To explore gender disparities, we select pairs of similar papers respectively written by men and women primary authors. Then, we compare the future incoming citations to each of the pair. This comparison allows us to detect potential inequalities in the citation patterns. We have summarized this methodology in the diagram of Fig. 2 and provided all the technical details in Methods.
Fig. 2: Assessing similar pairs. We use bibliographic coupling and hypergeometric statistical tests to select couples of similar papers based on their outgoing citation activities. Then we compare their respective popularity (incoming citations). Each node and each arrow represent a paper and a citation respectively, whereas each dashed arrow represents a potential citation that is missing. The pair of papers being assessed (i and j) are shown in blue and orange, the papers cited by them in yellow, and the papers that cite them in green. The black arrow at the bottom represents a timeline showing the publication times of the papers. Full size image
Aggregate gender disparity trends
To characterize the gender disparities at the aggregate level, we first analyze the aspects of scientific production that depend primarily on individual choices and ability: in particular, productivity, dropout rate, and self-citations. Then, we discuss authorship order, which depends on the internal organization of research groups. Finally, we study the behavior of the scientific community as a whole by comparing the citations received by men and women.
Productivity
We define productivity as the number of publications that scholars produce during their career. In physics, we observe that women have a lower average number of publications compared to men across all their career ages (Fig. 1b). While in the first two years of author’s career the publication gap is closing, we observe a sudden increase in the gap from the second to the eleventh year. After this point, the publication gap starts decreasing again. These fluctuations in publication productivity can be associated with, among other things, the disproportionate family responsibilities that women have to take on compared with men24. For the aggregate results, see the productivity distributions by gender in Supplementary Fig. 4.

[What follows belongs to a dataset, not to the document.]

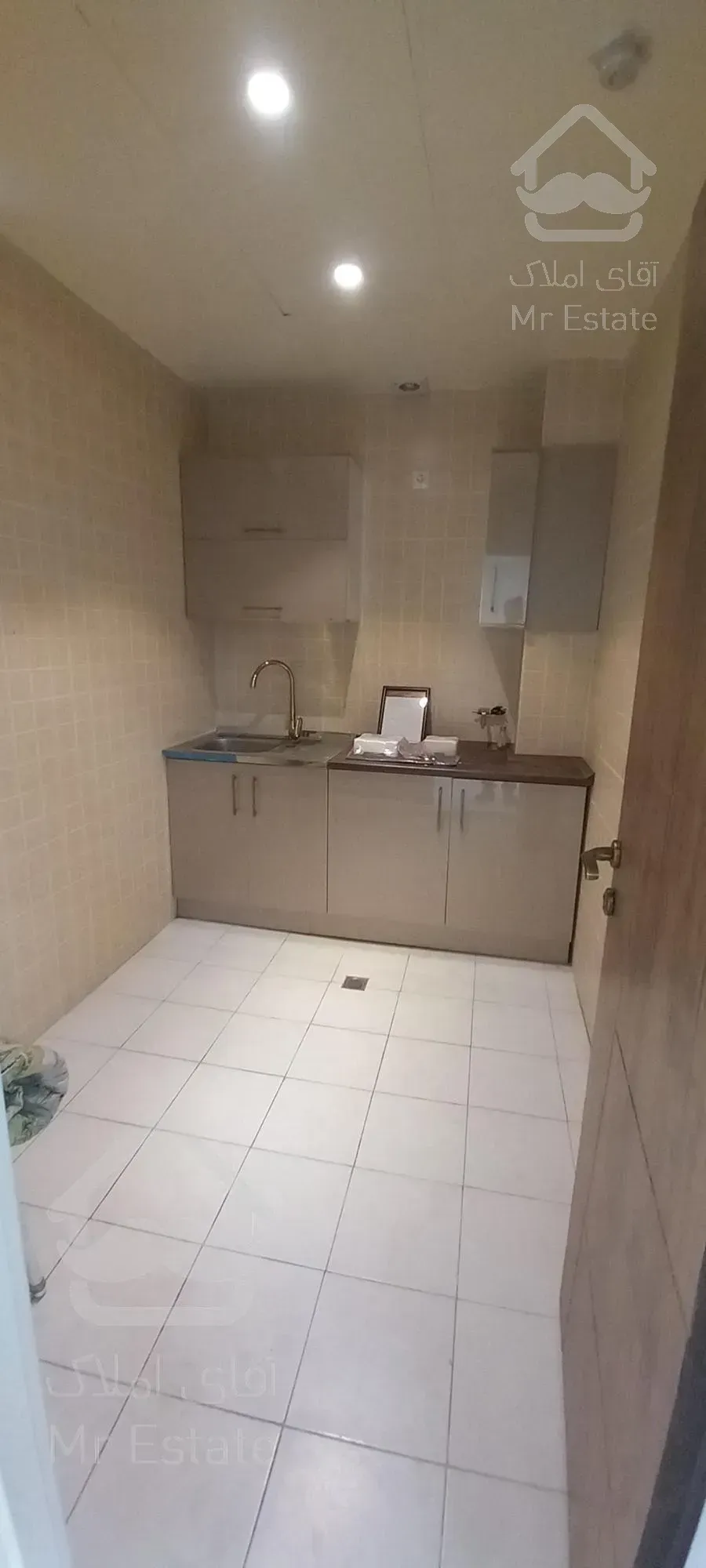 ۱۴۰۰ متر سند اداری مستغلات نوساز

Although a researcher’s productivity can be considered to be determined mainly by individual skills, the collaborative nature of scientific work makes it dependent on external factors such as other team members or departmental organization. Likewise, these factors, together with other aspects like social perception or family responsibilities, affect women’s motivation to keep working in academia, potentially leading to the leaky pipeline phenomenon. To quantify this phenomenon, in the next section we explore the differences in dropout rates between men and women.
Dropout rate
We compute dropout as a lack of publication activity for at least five years to distinguish the authors who are active in publishing from those who have dropped out. We investigate the ratio of dropout scholars at each career age compared to the number of active scholars by gender. Figure 1c shows that women authors have a higher dropout ratio throughout their whole career. The largest gaps appear in the early career years, with a 2.28% difference between men and women in the first year and a 2.26% difference in the sixth year. The dropout rates of authors who leave academia after their first year (career age 0) are not shown in Fig. 1c. This career age presents the highest dropout rates, with 39.94% for men authors and 47.55% for women authors.
Self-citation
Self-citation refers to cases where authors cite their own previous works. Self-citations increase the total citation count and the visibility of scholars25,26,27, potentially enhancing academic promotion and attention. We have measured the relative number of self-citations by all men and women authors with the following metric (r) to study the difference in self-citation ratios between the two genders over time25:
$$r=\frac{\frac{ \% {{{{{{{\rm{men}}}}}}}}{{\hbox{'}}} {{{{{\rm{s}}}}}}\,{{{{{\rm{self}}}}}}-{{{{{\rm{citations}}}}}}}{ \% {{{{{\rm{men}}}}}}{{\hbox{'}}} {{{{{\rm{s}}}}}}\,{{{{{\rm{citations}}}}}}}}{\frac{ \% {{{{{\rm{women}}}}}}{{\hbox{'}}} {{{{{\rm{s}}}}}}\,{{{{{\rm{self}}}}}}-{{{{{\rm{citations}}}}}}}{ \% {{{{{\rm{women}}}}}}{{\hbox{'}}} {{{{{\rm{s}}}}}}\,{{{{{\rm{citations}}}}}}}}$$ (1)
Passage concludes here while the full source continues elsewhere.